**What is needed**
Set down, word for word, every line of the material below from the one containing "1772 Brittany Chase, Kennesaw, Georgia" through the one containing "Baby Ditsy Floral", but none of its pictures.

**Material shown**
__________
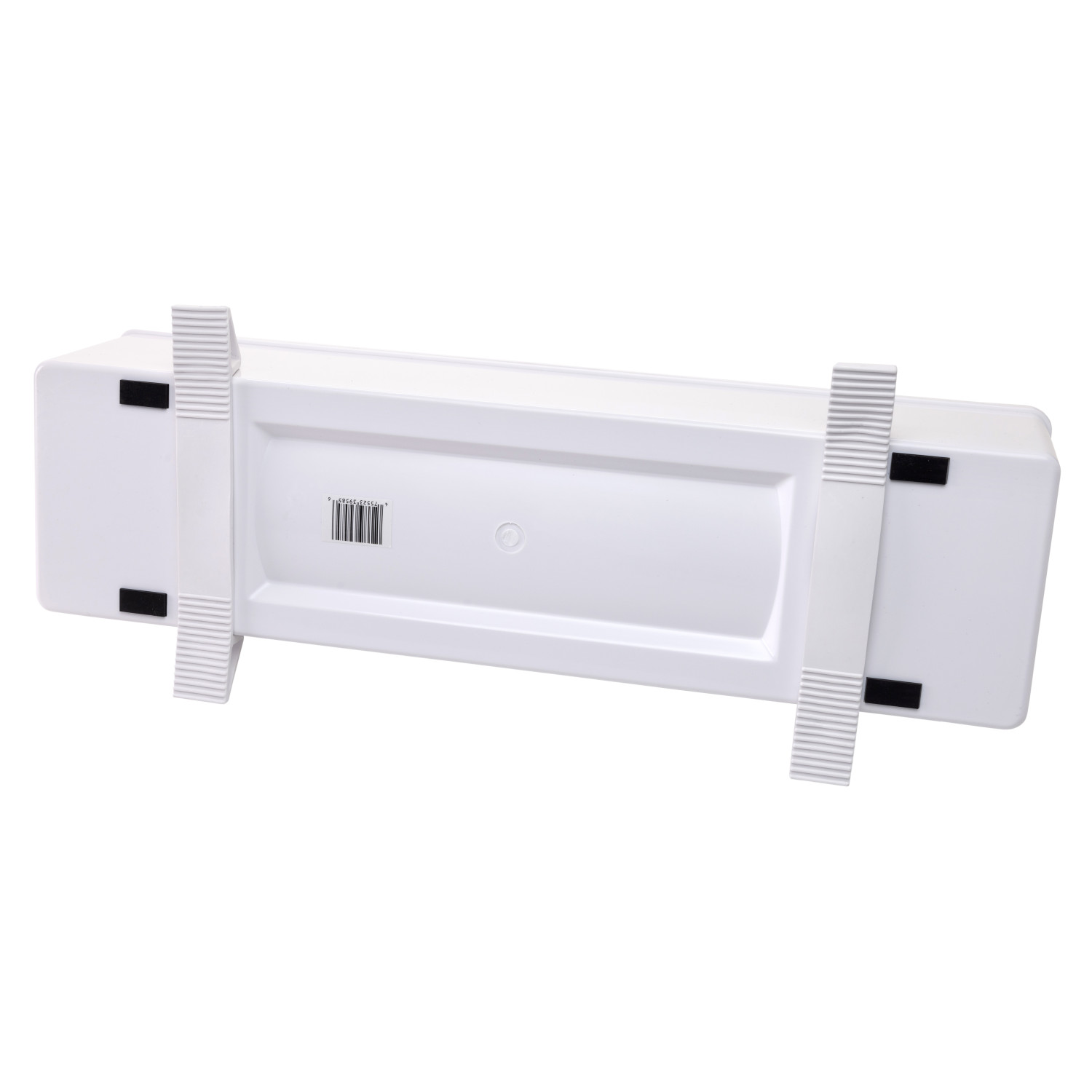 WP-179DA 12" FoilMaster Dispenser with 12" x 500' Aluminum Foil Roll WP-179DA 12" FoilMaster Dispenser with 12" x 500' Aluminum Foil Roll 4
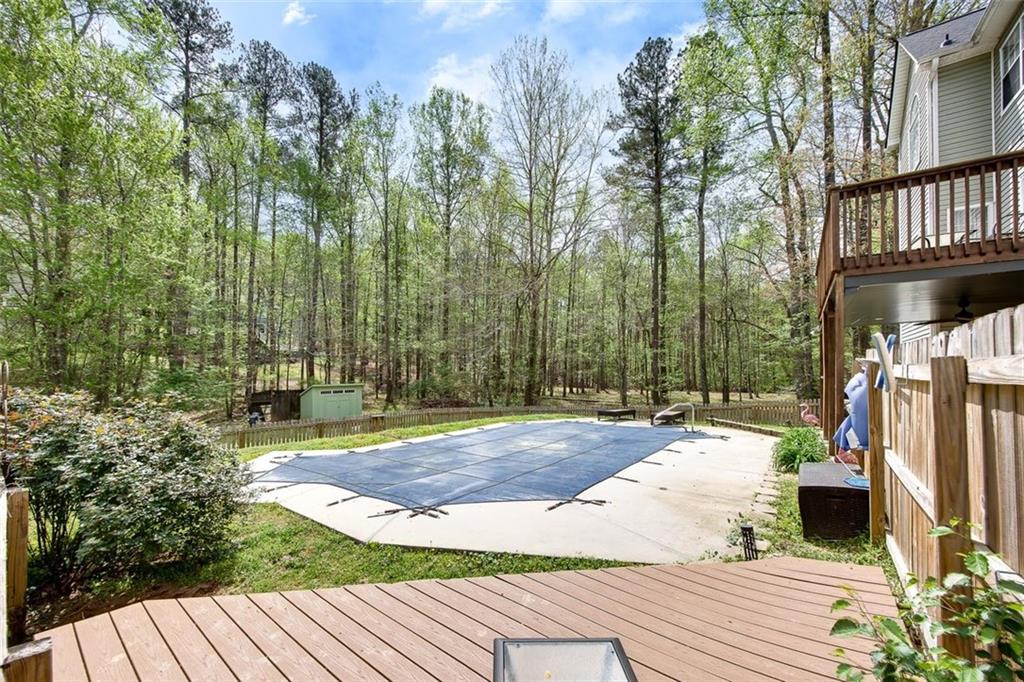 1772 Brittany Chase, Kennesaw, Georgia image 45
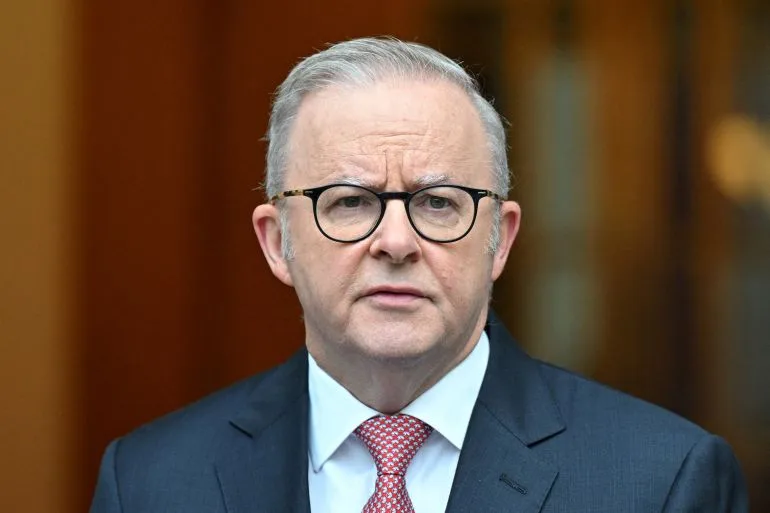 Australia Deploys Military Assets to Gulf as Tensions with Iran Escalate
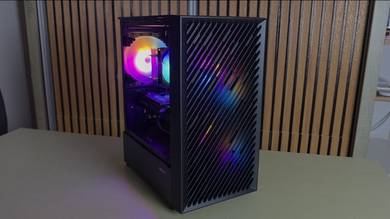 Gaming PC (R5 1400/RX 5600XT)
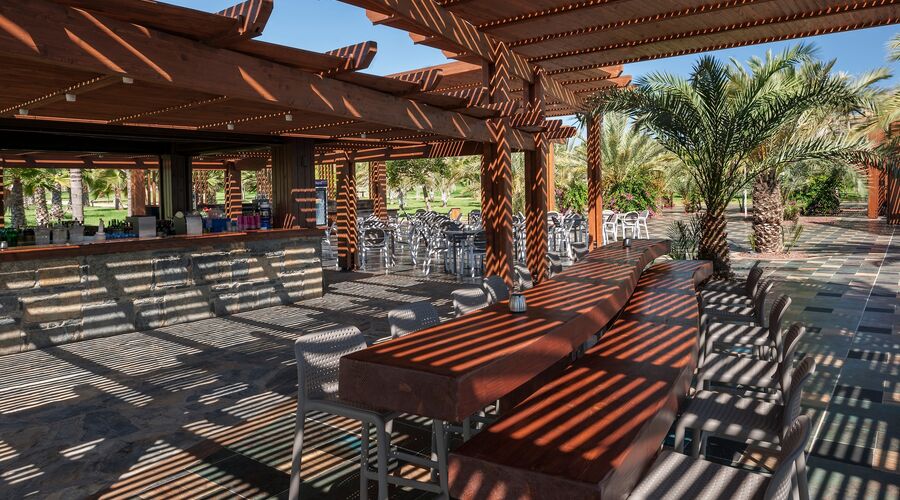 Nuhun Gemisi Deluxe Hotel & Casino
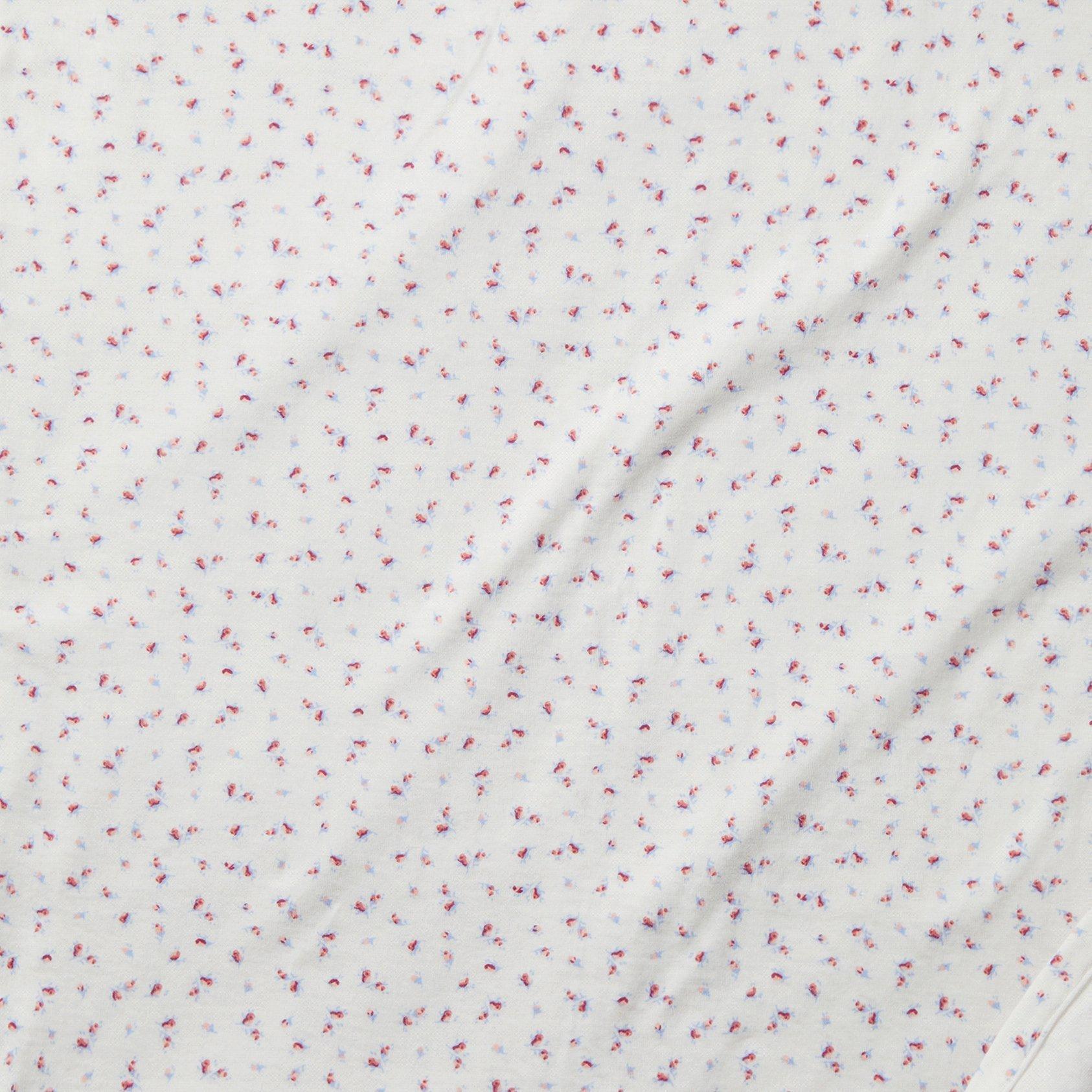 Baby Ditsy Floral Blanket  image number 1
__________
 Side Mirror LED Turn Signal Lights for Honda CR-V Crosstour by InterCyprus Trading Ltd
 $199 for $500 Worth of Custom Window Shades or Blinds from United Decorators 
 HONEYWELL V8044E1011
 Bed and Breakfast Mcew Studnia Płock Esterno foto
__________
**Response to this task**
 1772 Brittany Chase, Kennesaw, Georgia image 45
 Australia Deploys Military Assets to Gulf as Tensions with Iran Escalate
 Gaming PC (R5 1400/RX 5600XT)
 Nuhun Gemisi Deluxe Hotel & Casino
 Baby Ditsy Floral Blanket  image number 1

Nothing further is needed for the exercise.